*** Entries provided Section Begins ***

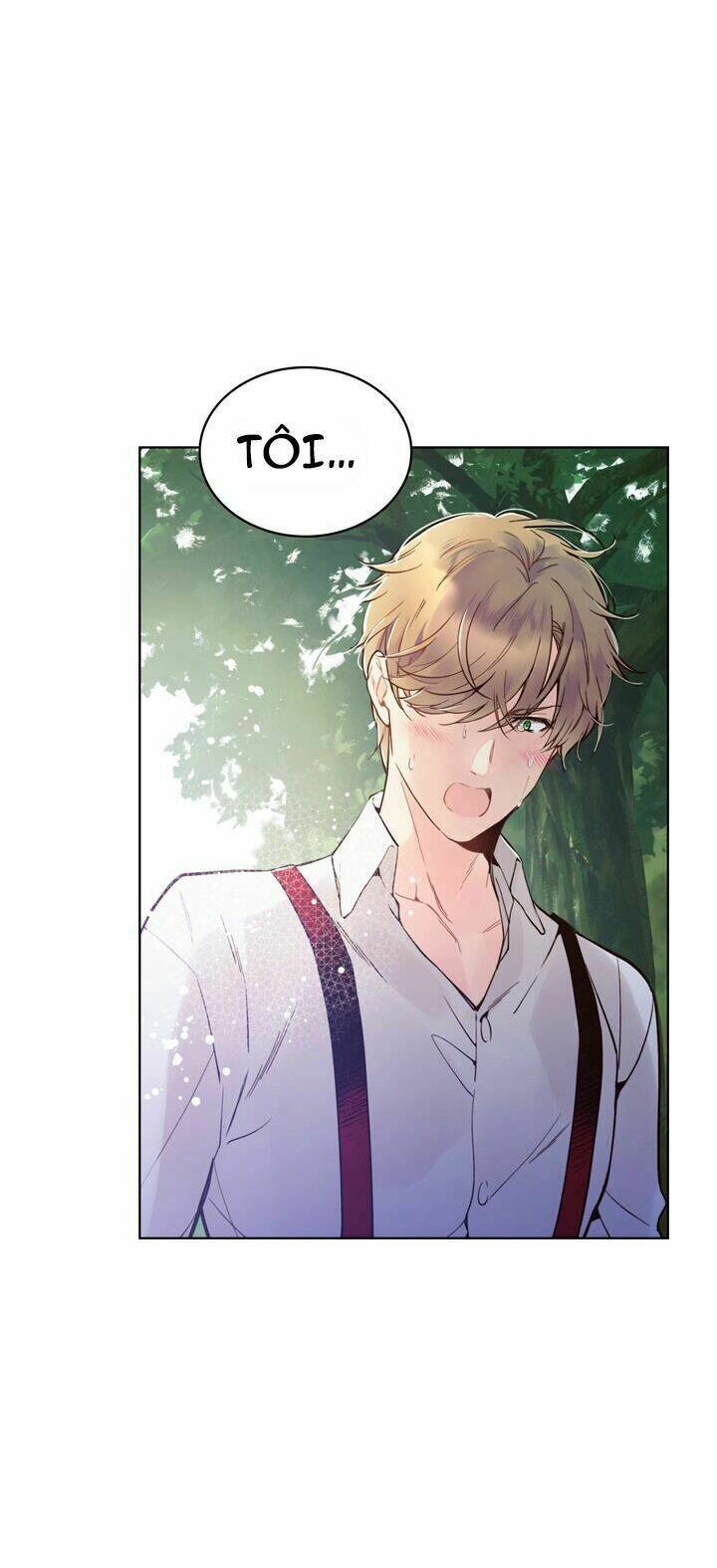 Công Chúa Chloe: Chapter 44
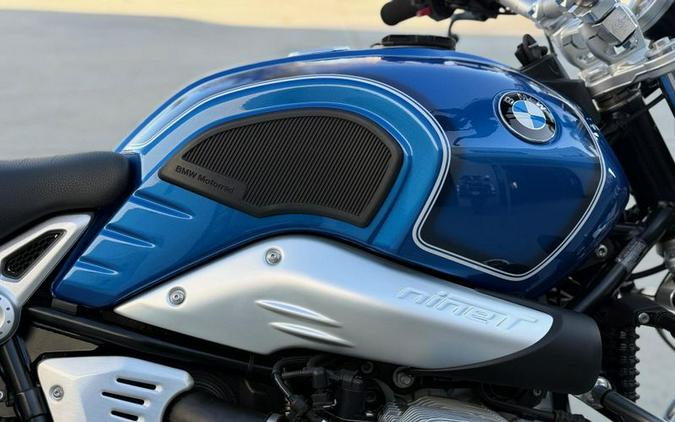 Used 2020 BMW R nineT /5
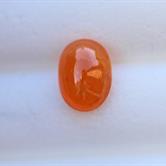 Image for Namibia Natural Spessartite Garnet Cabochon 5.48 carat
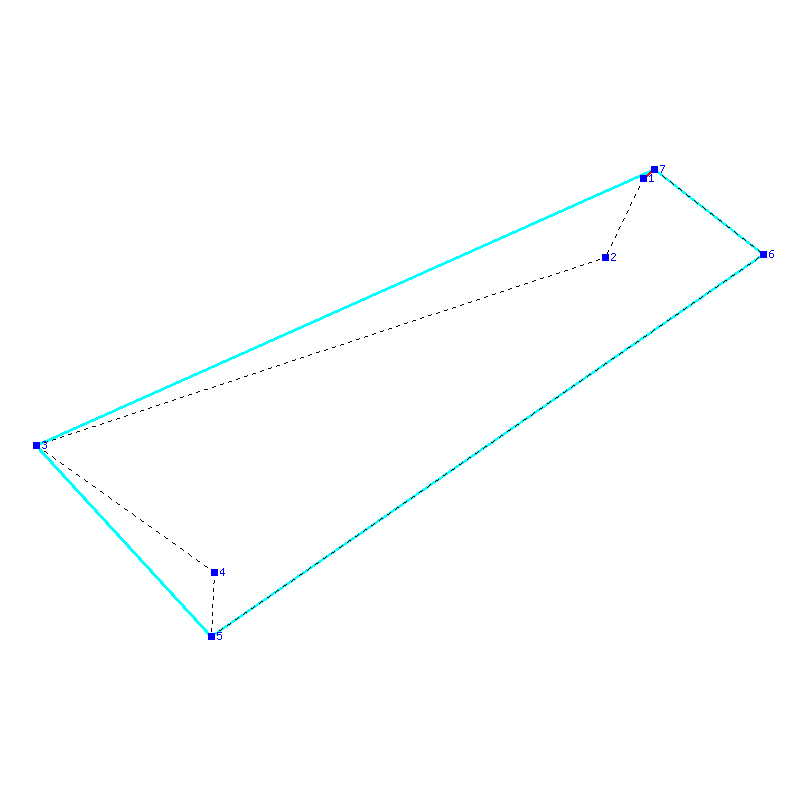 Flugauswertung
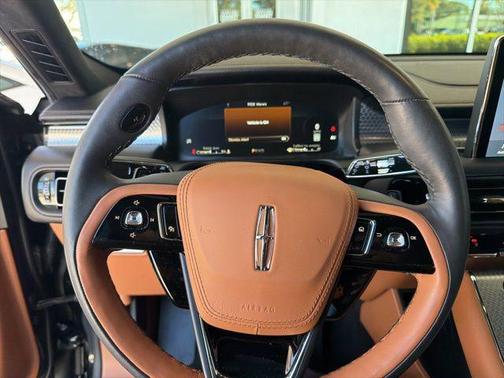 2024 Lincoln Aviator Black Label AWD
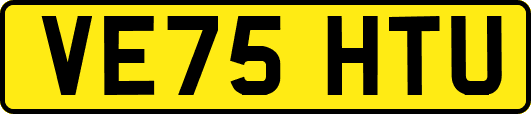 VE75HTU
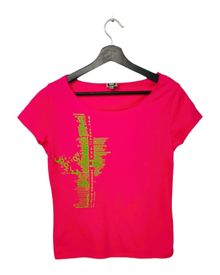  Adolfo Dominguez Camiseta Mujer Talla M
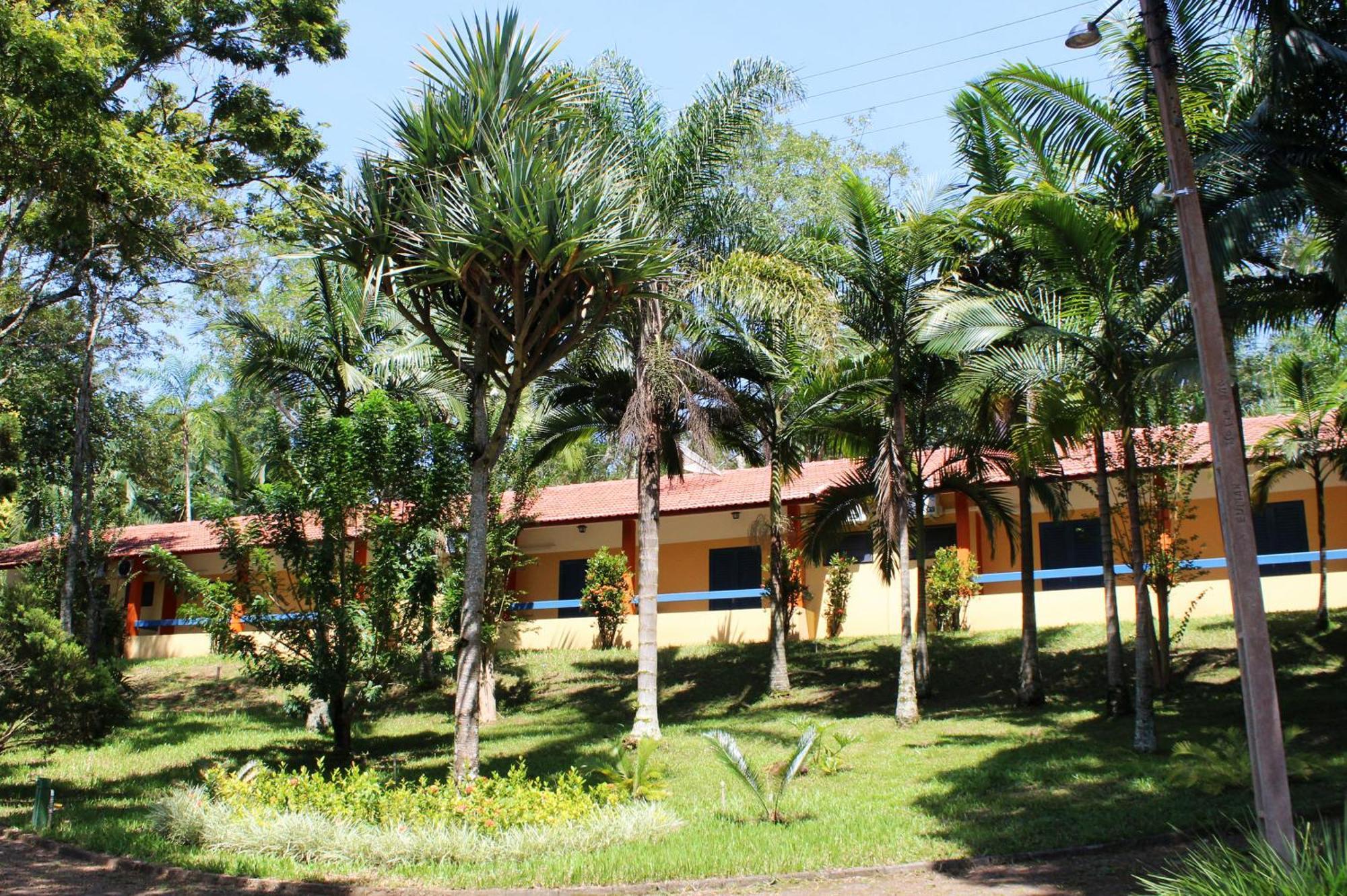 Matiz Igarata Resort, Spa E Eventos Buitenkant foto
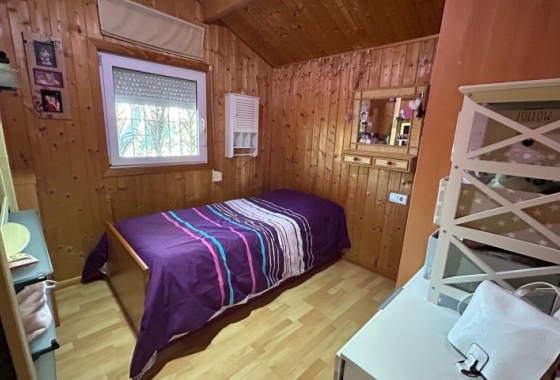 Wiederverkauf - Finca - Orihuela - Inland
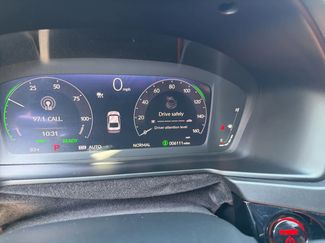 Used 2025 Honda Accord Sport video 2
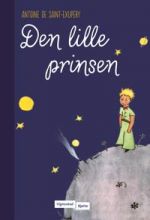 Den lille prinsen  / Le Petit Prince in Norwegian (Bokmål)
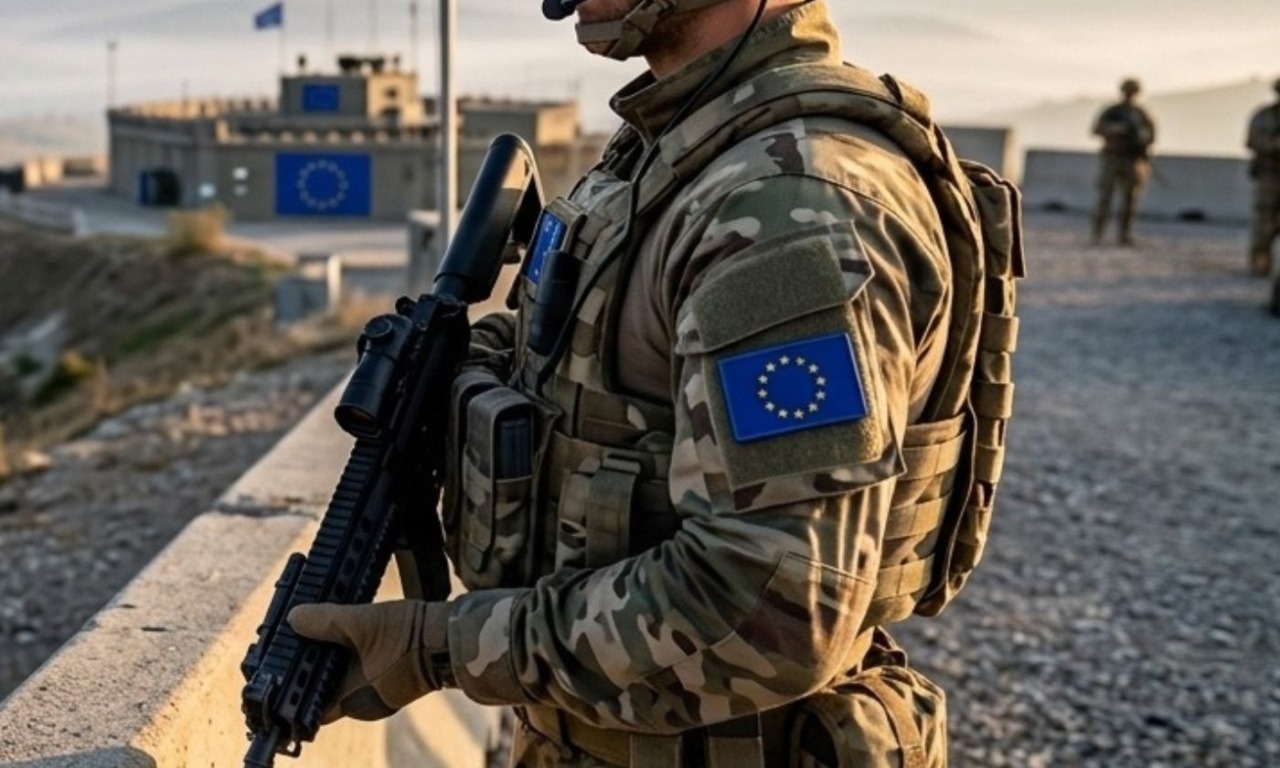 Difesa, nel 2025 spesi 418 miliardi di euro dai Paesi UE. Entro il 2029 si stima di arrivare a 547 miliardi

*** Entries provided Section Ends ***

**Prompt**
Retype every entry above exactly, leaving out the pictures.

**Completed exercise**
 Công Chúa Chloe: Chapter 44
 Used 2020 BMW R nineT /5
 Image for Namibia Natural Spessartite Garnet Cabochon 5.48 carat
 Flugauswertung
 2024 Lincoln Aviator Black Label AWD
 VE75HTU
  Adolfo Dominguez Camiseta Mujer Talla M
 Matiz Igarata Resort, Spa E Eventos Buitenkant foto
 Wiederverkauf - Finca - Orihuela - Inland
 Used 2025 Honda Accord Sport video 2
 Den lille prinsen  / Le Petit Prince in Norwegian (Bokmål)
 Difesa, nel 2025 spesi 418 miliardi di euro dai Paesi UE. Entro il 2029 si stima di arrivare a 547 miliardi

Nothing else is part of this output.